• **What is needed**: From the listing below, please restate exactly the lines beginning at the one with "Senior exercise examples" and ending at the one with "A confident woman", both included, and skip the pictures.

• **Supplied information**:
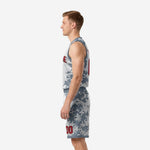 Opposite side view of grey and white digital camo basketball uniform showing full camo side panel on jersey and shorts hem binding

...

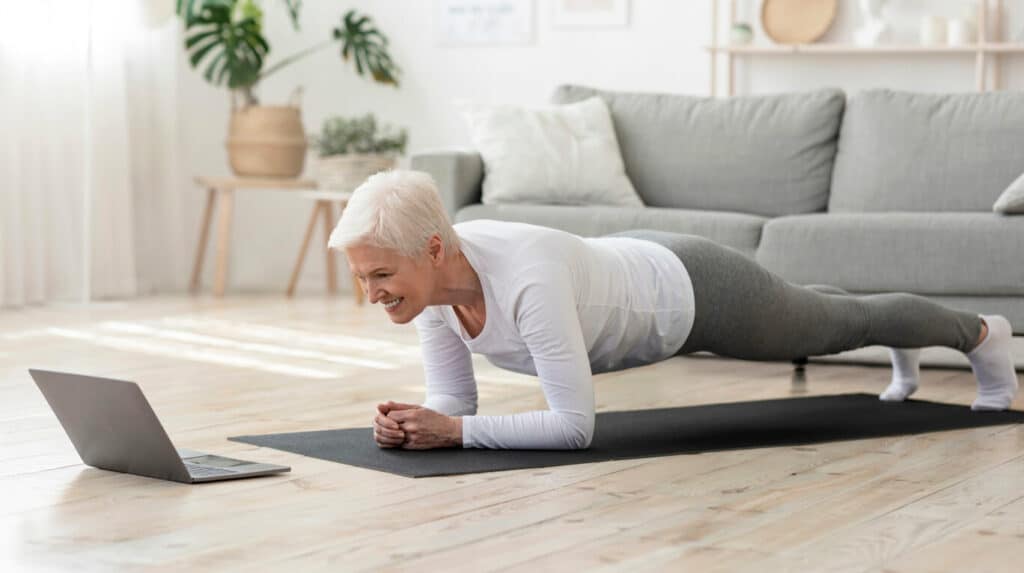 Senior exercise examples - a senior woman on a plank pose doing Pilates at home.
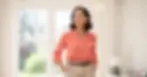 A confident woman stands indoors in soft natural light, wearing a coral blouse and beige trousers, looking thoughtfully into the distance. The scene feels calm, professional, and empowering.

• **Result for this exercise**:
 Senior exercise examples - a senior woman on a plank pose doing Pilates at home.
 A confident woman stands indoors in soft natural light, wearing a coral blouse and beige trousers, looking thoughtfully into the distance. The scene feels calm, professional, and empowering.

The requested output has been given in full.